> About this exercise
An exact, complete copy of the entries below is required, minus any pictures.
=== Provided data ===
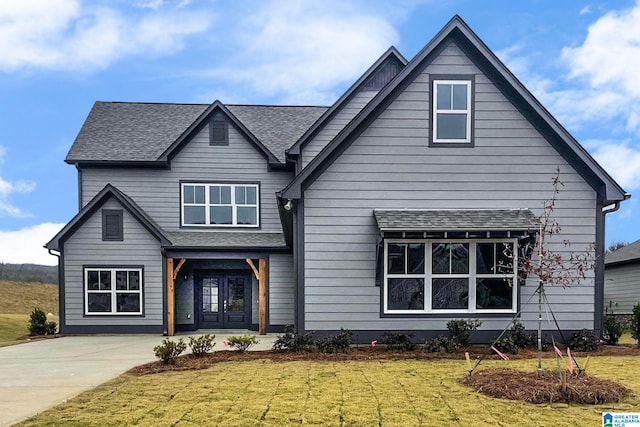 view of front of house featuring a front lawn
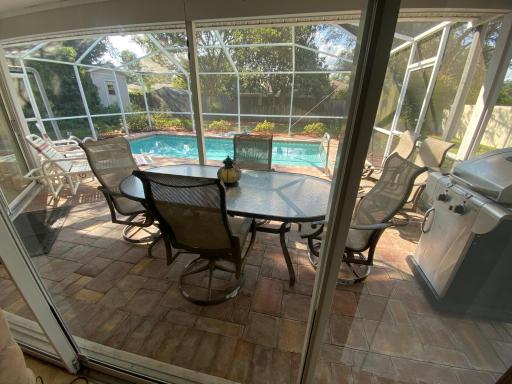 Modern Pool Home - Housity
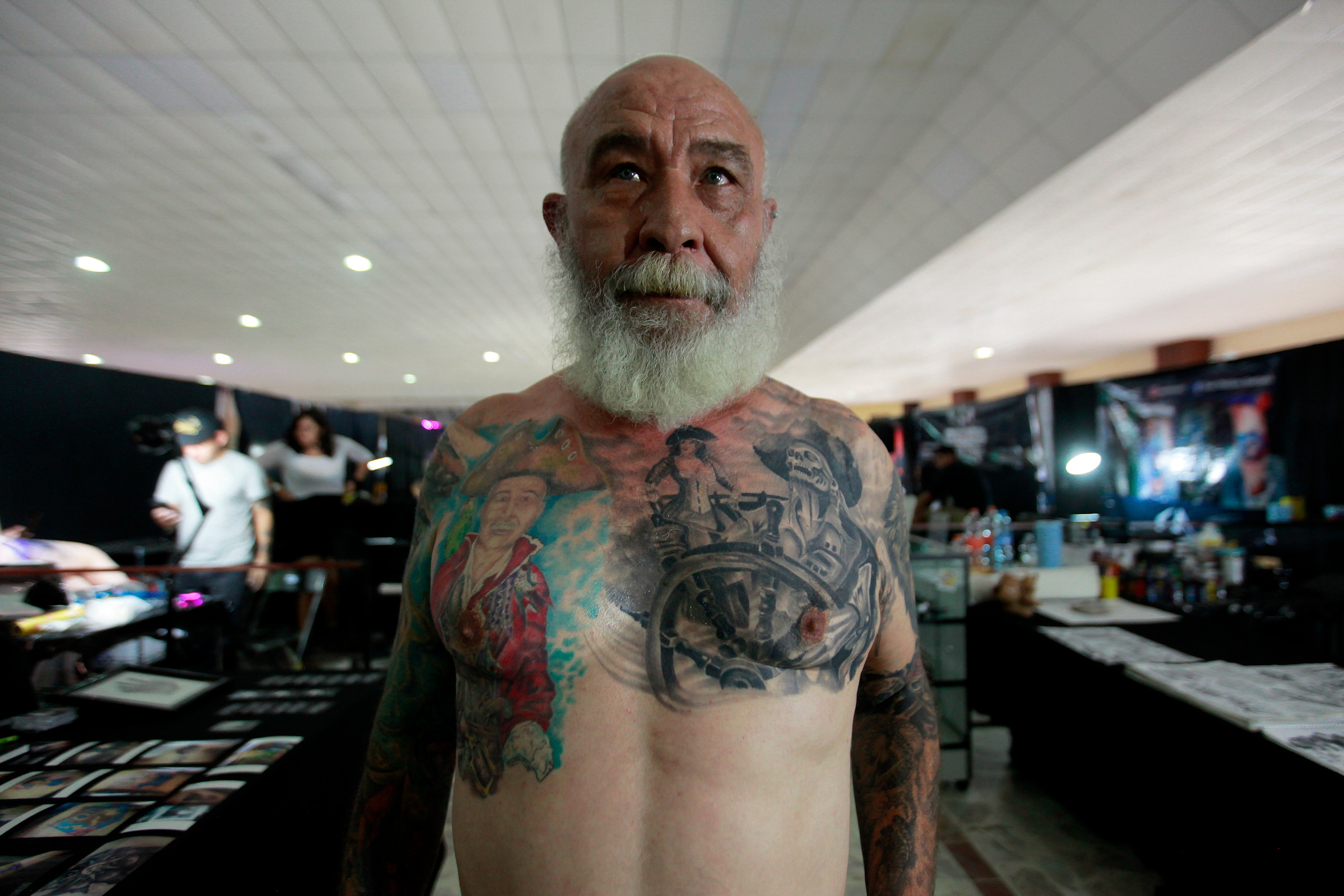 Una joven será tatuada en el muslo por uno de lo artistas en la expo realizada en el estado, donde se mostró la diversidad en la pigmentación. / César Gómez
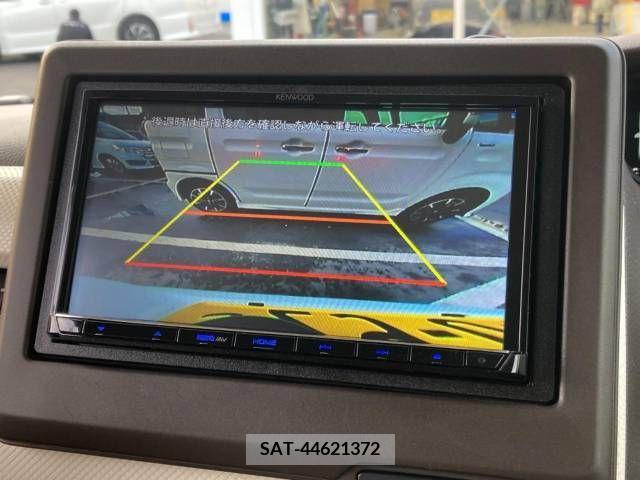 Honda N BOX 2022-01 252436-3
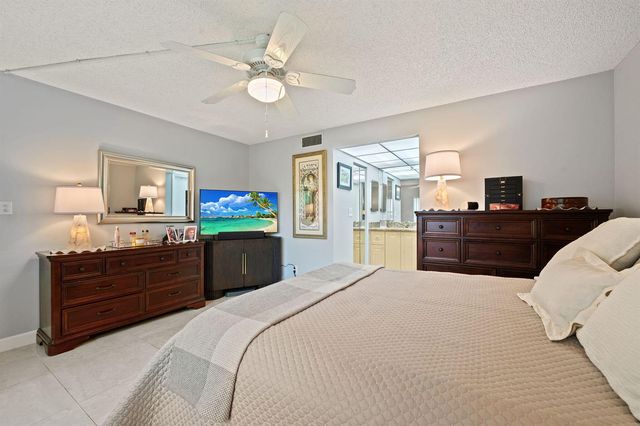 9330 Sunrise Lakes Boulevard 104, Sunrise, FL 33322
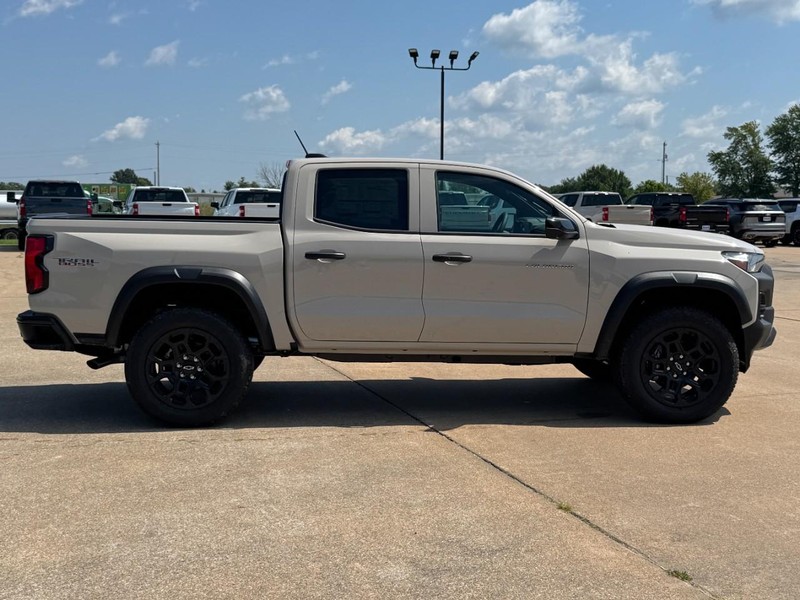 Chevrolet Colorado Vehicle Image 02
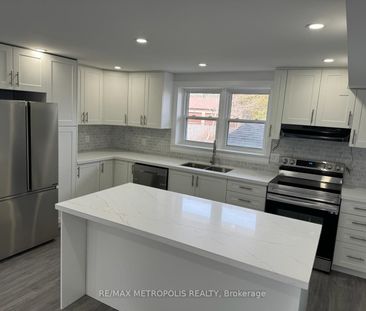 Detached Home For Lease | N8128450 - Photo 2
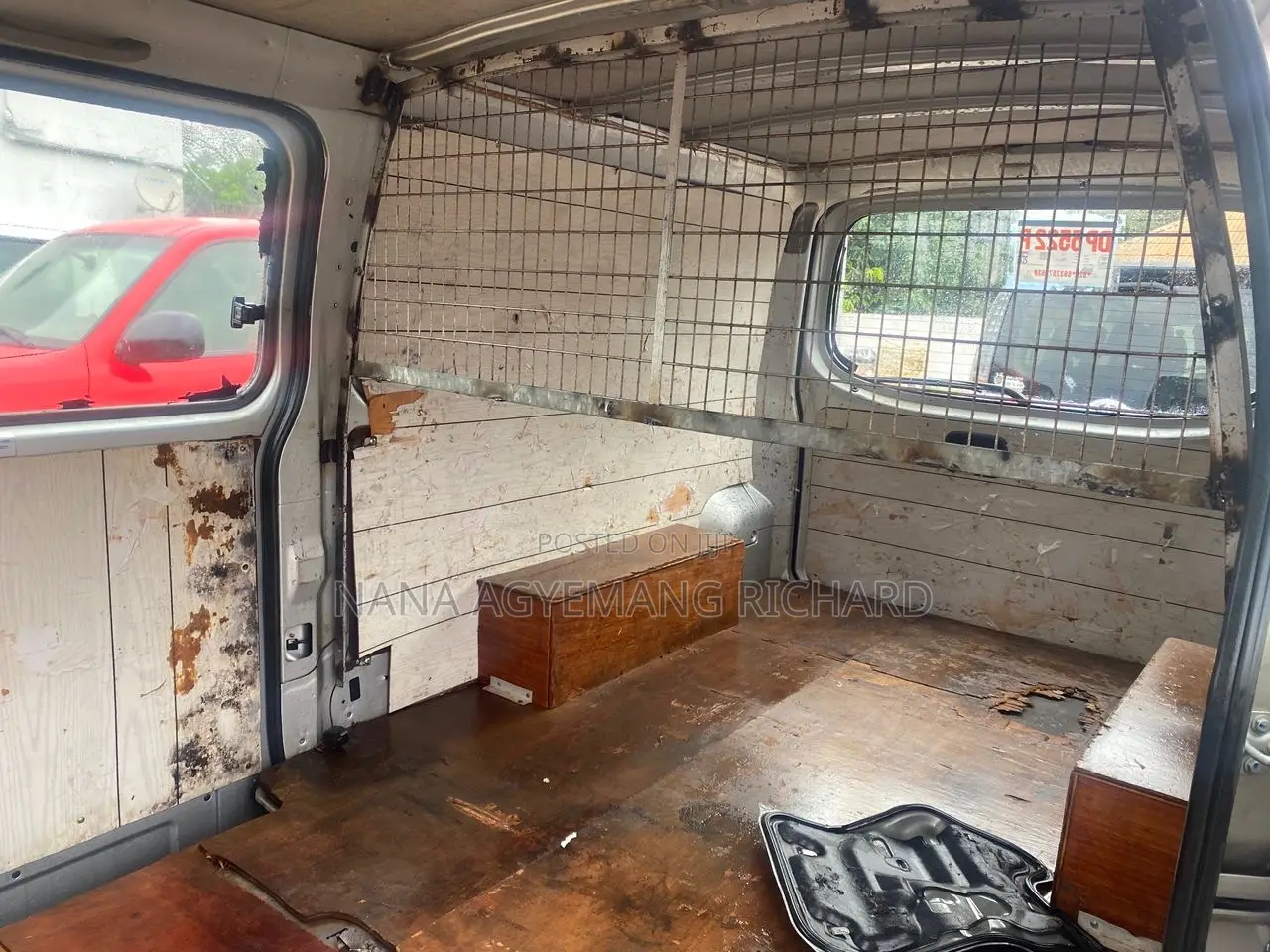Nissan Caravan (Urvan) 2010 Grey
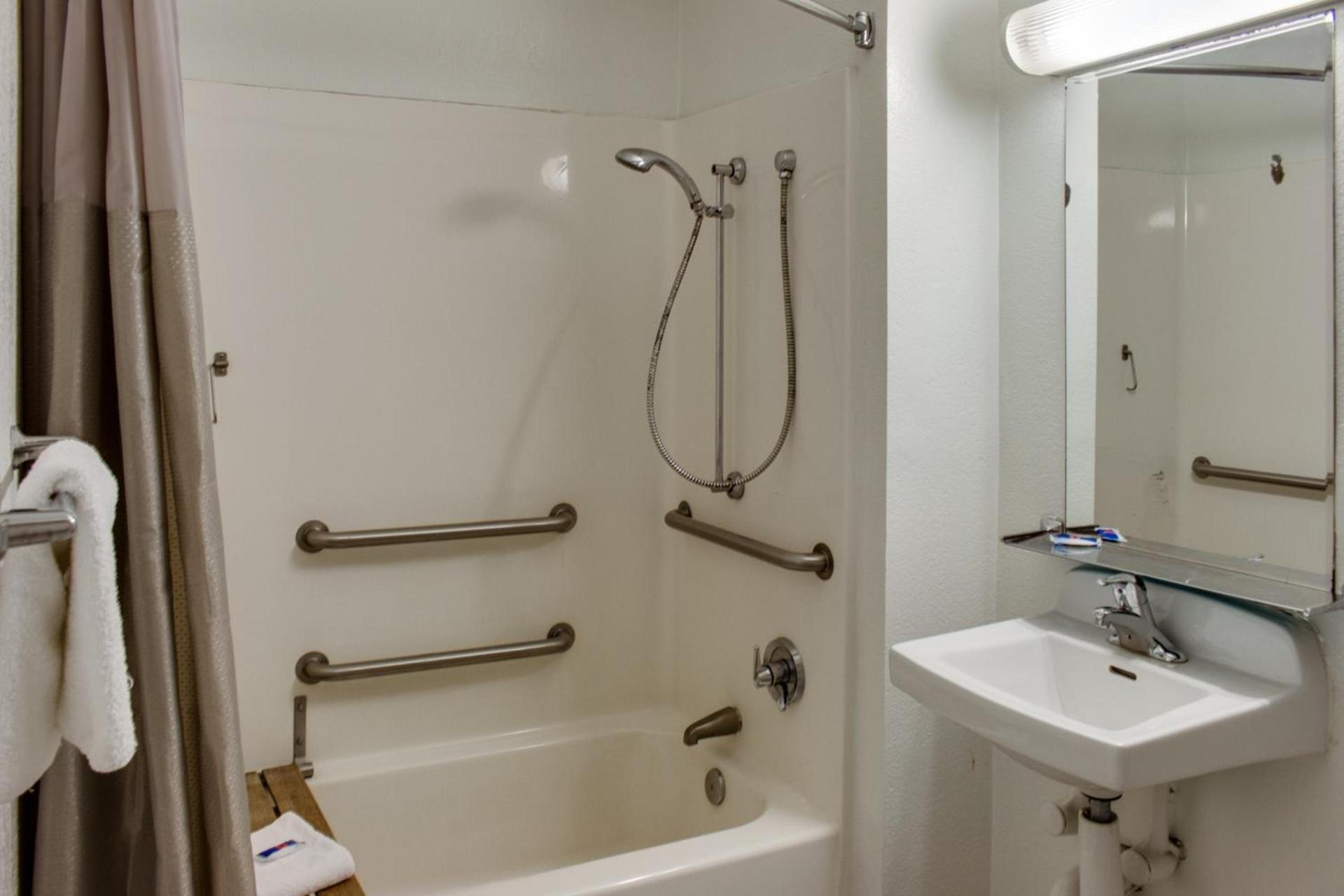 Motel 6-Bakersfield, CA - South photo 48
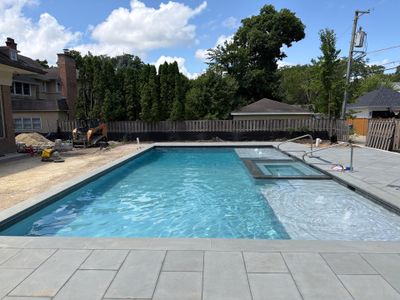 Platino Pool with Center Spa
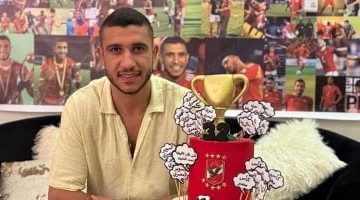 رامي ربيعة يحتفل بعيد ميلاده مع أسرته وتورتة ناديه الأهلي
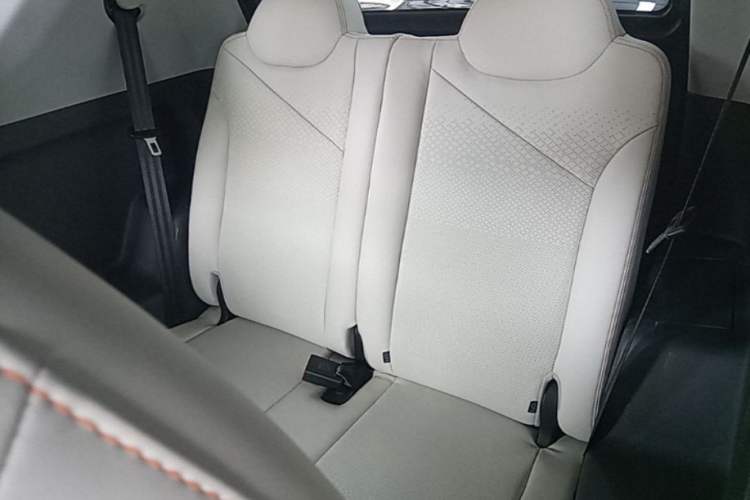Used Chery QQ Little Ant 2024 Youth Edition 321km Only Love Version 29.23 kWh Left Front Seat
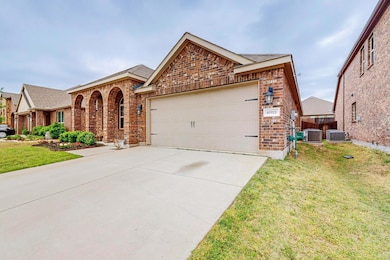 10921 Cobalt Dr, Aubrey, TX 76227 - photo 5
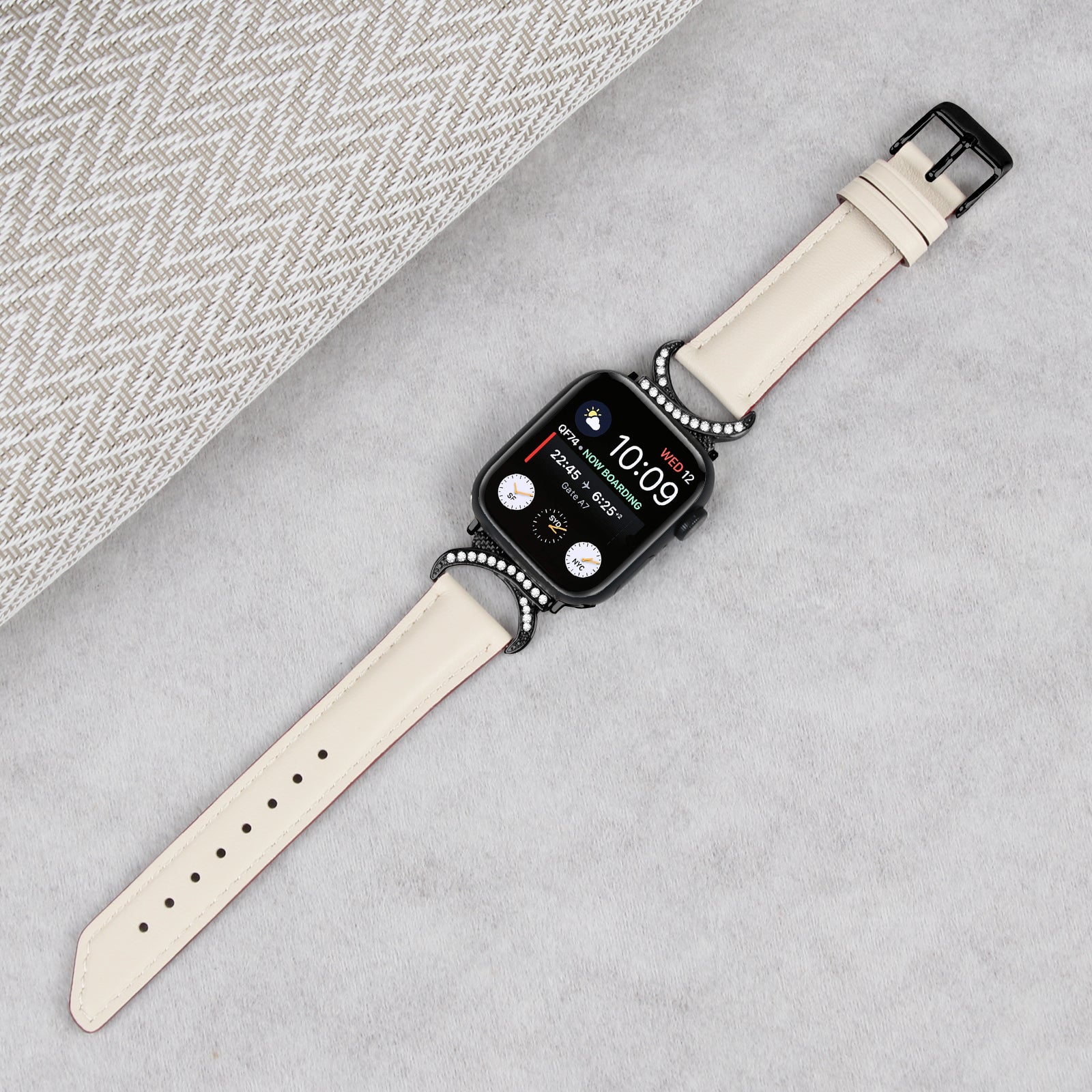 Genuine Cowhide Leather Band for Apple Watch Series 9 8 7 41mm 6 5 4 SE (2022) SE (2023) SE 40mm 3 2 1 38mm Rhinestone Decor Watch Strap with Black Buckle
===
> Solution for this task
 view of front of house featuring a front lawn
 Modern Pool Home - Housity
 Una joven será tatuada en el muslo por uno de lo artistas en la expo realizada en el estado, donde se mostró la diversidad en la pigmentación. / César Gómez
 Honda N BOX 2022-01 252436-3
 9330 Sunrise Lakes Boulevard 104, Sunrise, FL 33322
 Chevrolet Colorado Vehicle Image 02
 Detached Home For Lease | N8128450 - Photo 2
Nissan Caravan (Urvan) 2010 Grey
 Motel 6-Bakersfield, CA - South photo 48
 Platino Pool with Center Spa
 رامي ربيعة يحتفل بعيد ميلاده مع أسرته وتورتة ناديه الأهلي
Used Chery QQ Little Ant 2024 Youth Edition 321km Only Love Version 29.23 kWh Left Front Seat
 10921 Cobalt Dr, Aubrey, TX 76227 - photo 5
 Genuine Cowhide Leather Band for Apple Watch Series 9 8 7 41mm 6 5 4 SE (2022) SE (2023) SE 40mm 3 2 1 38mm Rhinestone Decor Watch Strap with Black Buckle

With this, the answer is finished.